The bunker mentality of the newly instated executives looked likely to be brief, however. It emerged yesterday that friends of the ousted board were moving to raise the support of enough loyalists to insist on a postal vote that would almost certainly put them back in power. A resolution to that effect would require the signatures of only 10 per cent of the association's 2,600 florists.

At the heart of the row that has split the 74-year-old flower delivery association is an arcane voting rule that allowed its management to be thrown out of office at the weekend by a simple majority of votes at an extraordinary meeting packed with rebels. The board was narrowly shown the door by a minority of members for attempting to push through controversial proposals to change membership subscriptions and convert the association into a plc.

In a memo to its members issued last night, Interflora's new chairman Geoff Hughes adopted a defensive tone: "The six directors elected at Sunday's egm have been appointed for a period of 6 months. And I would like to make it clear that the appointments are legally valid and have not been challenged in any way."

He went on to say: "Legal implications concerning the possibility of a postal vote are receiving our attention but there is no immediate urgency in this matter. We very much regret the unsettling effect that this is having on some of you."

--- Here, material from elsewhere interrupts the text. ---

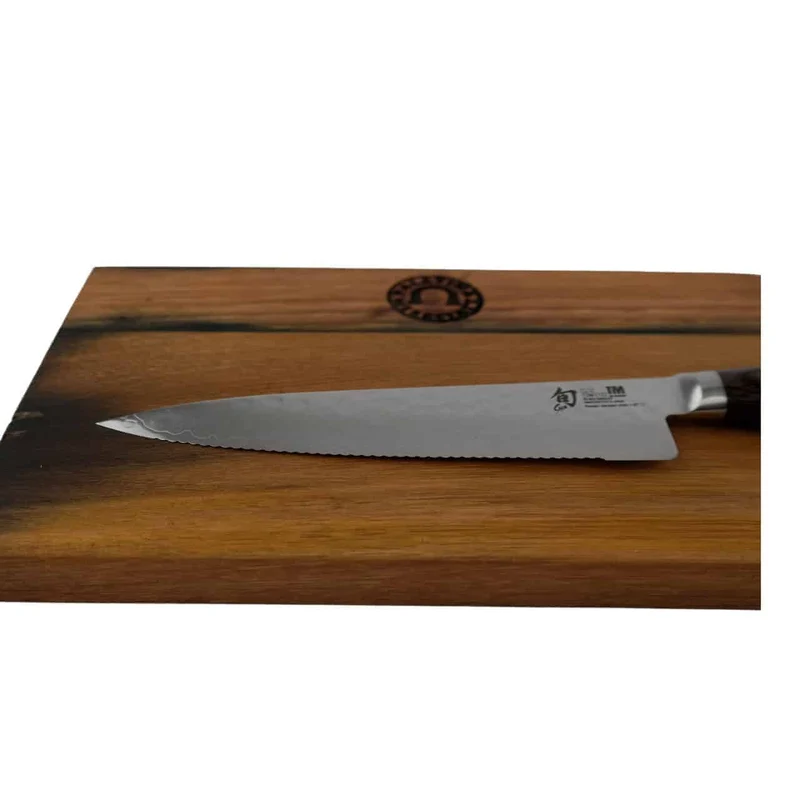 KAI Shun Premier Tim Mälzer TDM-1722 Allzweckmesser, Tomatenmesser mit Wellenschliff, 16,5 cm Klinge + Fassholz Schneidebrett 25x15 cm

The upheavals at Interflora head office in Sleaford, left one of the association's best known names bemused yesterday. Richard Felton, whose grandfather was one of the original 16 florists who created Interflora in 1923, said from his Canary Wharf shop: "The one thing that's clear is that the service is heading for a rather large legal bill. On the evidence given, the mid- to long-term benefits of the proposed changes looked attractive. What was less attractive was the Gestapo-style do-as-you're-told approach of the old board."